To sum up our conclusion on the appeal of Detherage v. Hawn, we are of the opinion, from a careful reading of the record:
(1) That, when Detherage sold an interest in the engine to Lunsford and Lawson, the original contract was modified, and it was agreed that Hawn should be paid in money, and that out of the money due Hawn these parties would satisfy the mortgage lien and pay to Hawn the balance due on the engine, and hence they have no cause of action against Hawn on account of his failure to take the lumber or because it was damaged by delay in removing it from the mill.

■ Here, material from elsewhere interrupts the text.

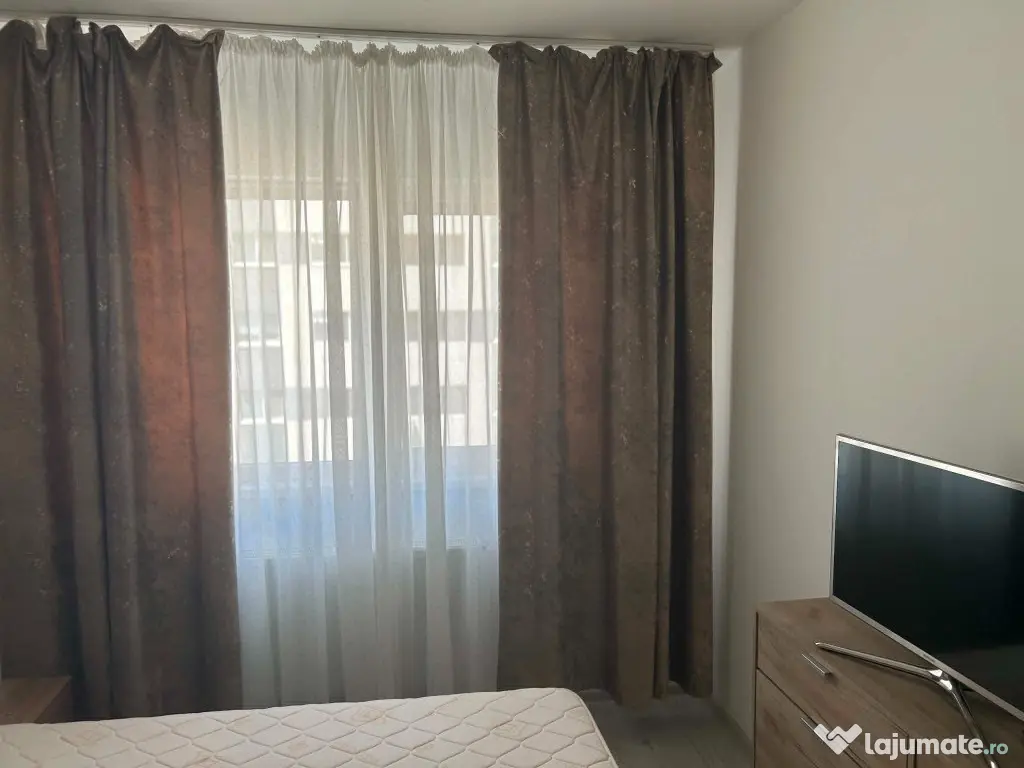 Inchiriez apartament studio 2 cam + loc parcare in Militari Residence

(2) That Detherage and his partners are not entitled to any reduction in the purchase price because of the defect in the engine or growing out of the fact that there was a lien on it at the time of the purchase. The weight of the evidence is to the effect that, when Detherage purchased the mill, he knew of the defect in the engine, and also that there was a mortgage, and both he and his partners promised to satisfy the mortgage debt, and by paying it at any time before the sale of the engine under the order of court they could have prevented the sale, retained the engine, and have credit on the amount due Hawn by the sum paid to extinguish the mortgage; but they did not see proper to pursue this course, and, if they were deprived of the engine, it was their own fault, and so the only relief they are entitled to on this score is to have credit by the amount the engine sold for at the decretal sale, and this the lower court allowed in rendering judgment against Detherage.
(3) We are further of the opinion that the weight of the evidence favors the view that, when Lunsford and Lawson purchased an interest in the engine, they assumed in connection with, and as partners of, Detherage to pay Hawn for the engine in money, and therefore they are jointly and severally liable with Detherage for the amount due on the engine.
Wherefore the judgment on the appeal of Detherage v. Hawn is affirmed; and the judgment on the appeal of Hawn v. Lunsford and Lawson is reversed, with directions to enter a judgment in favor of Hawn against Lunsford and Lawson for $775, with interest from April 8, 1906, subject to a credit of $305, May 25, 1907.
DETHERAGE v. HAWN. HAWN v. LUNSFORD et al.